> WHAT YOU WILL DO
Write out the listing below without alteration, omitting its pictures.

> DATASET EXTRACT
•••••

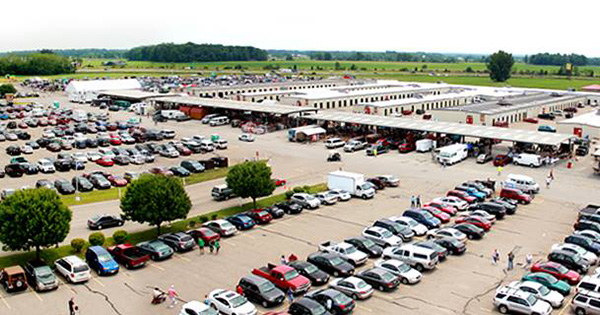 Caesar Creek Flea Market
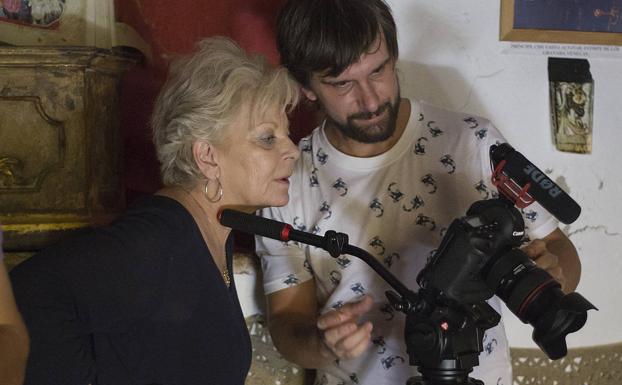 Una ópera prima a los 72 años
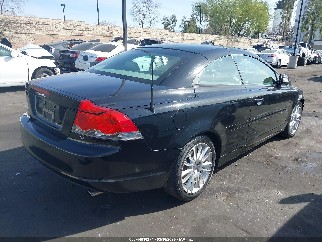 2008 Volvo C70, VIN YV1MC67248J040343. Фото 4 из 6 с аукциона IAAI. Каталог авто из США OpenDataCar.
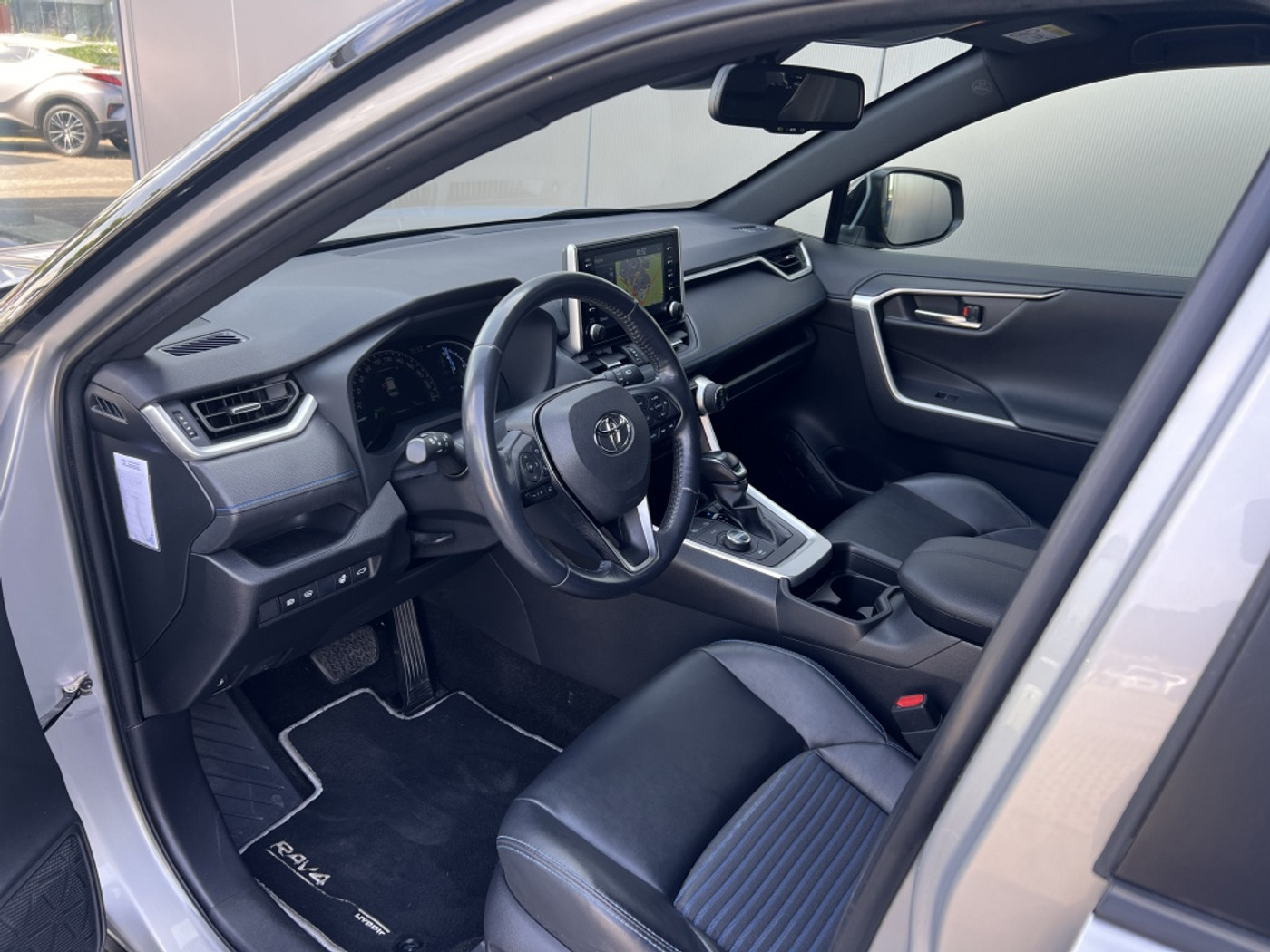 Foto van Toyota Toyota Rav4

•••••

> RESPONSE TO THIS TASK
 Caesar Creek Flea Market
 Una ópera prima a los 72 años
 2008 Volvo C70, VIN YV1MC67248J040343. Фото 4 из 6 с аукциона IAAI. Каталог авто из США OpenDataCar.
 Foto van Toyota Toyota Rav4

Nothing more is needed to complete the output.